ASSIGNED TASK -> Up through the line that contains "School Sport SA", retype the entries exactly, beginning at the very first line.

═════ RECORDS FOR PROCESSING ═════

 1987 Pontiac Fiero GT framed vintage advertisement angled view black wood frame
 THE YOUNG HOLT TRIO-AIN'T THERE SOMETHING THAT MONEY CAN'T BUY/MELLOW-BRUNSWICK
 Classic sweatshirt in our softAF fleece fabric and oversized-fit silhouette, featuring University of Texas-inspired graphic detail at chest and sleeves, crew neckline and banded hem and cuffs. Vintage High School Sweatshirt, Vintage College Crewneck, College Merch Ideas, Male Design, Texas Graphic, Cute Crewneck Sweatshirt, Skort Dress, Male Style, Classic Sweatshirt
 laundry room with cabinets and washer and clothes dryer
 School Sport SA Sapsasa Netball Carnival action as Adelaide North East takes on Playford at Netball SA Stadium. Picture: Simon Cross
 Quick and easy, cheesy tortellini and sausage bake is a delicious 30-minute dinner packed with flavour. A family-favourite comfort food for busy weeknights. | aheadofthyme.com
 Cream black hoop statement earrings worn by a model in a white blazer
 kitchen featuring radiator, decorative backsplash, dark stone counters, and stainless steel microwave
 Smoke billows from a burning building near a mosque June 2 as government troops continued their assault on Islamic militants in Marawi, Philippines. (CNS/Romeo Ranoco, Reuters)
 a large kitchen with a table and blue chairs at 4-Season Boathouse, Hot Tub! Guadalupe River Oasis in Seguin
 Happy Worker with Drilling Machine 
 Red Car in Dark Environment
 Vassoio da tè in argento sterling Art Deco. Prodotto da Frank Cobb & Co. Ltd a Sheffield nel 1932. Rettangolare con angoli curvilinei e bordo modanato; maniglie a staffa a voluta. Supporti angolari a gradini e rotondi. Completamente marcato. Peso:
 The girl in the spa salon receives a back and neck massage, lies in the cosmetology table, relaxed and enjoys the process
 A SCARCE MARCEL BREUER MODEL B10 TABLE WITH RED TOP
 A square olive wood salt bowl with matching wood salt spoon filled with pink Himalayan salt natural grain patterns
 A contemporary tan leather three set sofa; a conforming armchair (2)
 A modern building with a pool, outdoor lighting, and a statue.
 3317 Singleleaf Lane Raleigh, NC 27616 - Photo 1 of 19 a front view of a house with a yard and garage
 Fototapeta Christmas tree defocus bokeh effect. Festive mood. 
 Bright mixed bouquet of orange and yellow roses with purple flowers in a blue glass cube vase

═════

SOLUTION TO THIS EXERCISE ->
 1987 Pontiac Fiero GT framed vintage advertisement angled view black wood frame
 THE YOUNG HOLT TRIO-AIN'T THERE SOMETHING THAT MONEY CAN'T BUY/MELLOW-BRUNSWICK
 Classic sweatshirt in our softAF fleece fabric and oversized-fit silhouette, featuring University of Texas-inspired graphic detail at chest and sleeves, crew neckline and banded hem and cuffs. Vintage High School Sweatshirt, Vintage College Crewneck, College Merch Ideas, Male Design, Texas Graphic, Cute Crewneck Sweatshirt, Skort Dress, Male Style, Classic Sweatshirt
 laundry room with cabinets and washer and clothes dryer
 School Sport SA Sapsasa Netball Carnival action as Adelaide North East takes on Playford at Netball SA Stadium. Picture: Simon Cross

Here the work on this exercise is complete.